According to research released by a team from North Carolina State University, “Employers are increasingly using Facebook to screen job applicants and weed out candidates they think have undesirable traits.” But the new study suggests “companies may have a fundamental misunderstanding of online behavior and, as a result, may be eliminating desirable job candidates.” Of the 175 study participants the researchers measured personality traits including conscientiousness, agreeableness and extraversion and how those Facebook behaviors appeared or were linked to those traits. Let’s come back to this interesting recent survey after pointing out a few of what I feel are the top traits of smart jobseekers on social media. The study delves into an area we simply need to know more about and that’s focused on what Lori Foster Thompson, professor of psychology at N.C. State University, says is missing – a focus not so much on what job applicants are doing on Facebook but how employers are using that information.

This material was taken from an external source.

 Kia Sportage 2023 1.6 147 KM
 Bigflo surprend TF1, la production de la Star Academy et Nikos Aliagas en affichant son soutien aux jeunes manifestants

Assess Your Brand Presence on Social Media – If you are in marketing, advertising, sales or promotions you may want to build your personal brand online strongly. Certain corporate leaders often need to be present on social media, active and engaged. Look at marketing personalities like Seth Goden or even Elon Musk from Tesla Motors. One is in marketing, an author, irreverent and branding constantly. The other, Mr. Musk, fighting New York Times battles about his electric car reviews and constantly promoting and defending Tesla seemingly daily. For both it is a part of their brand on social media. But for most of us and for many people who are managing their careers and wondering what they should do competence and caution should be the words of the day. Chit chattering about political issues when your not a politician can offend. Commenting excessively about anything can be annoying. Commenting during the day when you should be working or looking for a job can be disconcerting. Assume the people you don’t want to see you doing this are the ones watching. But posting occasional, professionally focused status updates to Linked In about your professional insights or progress may seem like a dull knife but it often adds to your core brand positioning.
Competence and Caution – For most of my professional clients working full-time and looking for their next carer opportunity they need to possess and promote their brand on Linked In, lock down their Facebook status and moderate their comments online. Defining clear details about your value proposition at your current job, connecting with industry achievers and thought leaders should be the goal on Linked In. For those who are on Facebook I often suggest clients use it and keep a very clean, locked down profile. Follow companies and information from those companies using Twitter and Facebook but don’t announce all the various details of your social and personal life. Does that sound boring? It is. Posting pictures from your last volunteer work seems boring but it’s better than posting pictures from your latest drunken wine party. The point is for anyone, executive or early career person, social media is a trap. Everybody is watching. Decide what you want them to see and assume, yes I said assume, that more people than you think will misinterpret your musings and postings.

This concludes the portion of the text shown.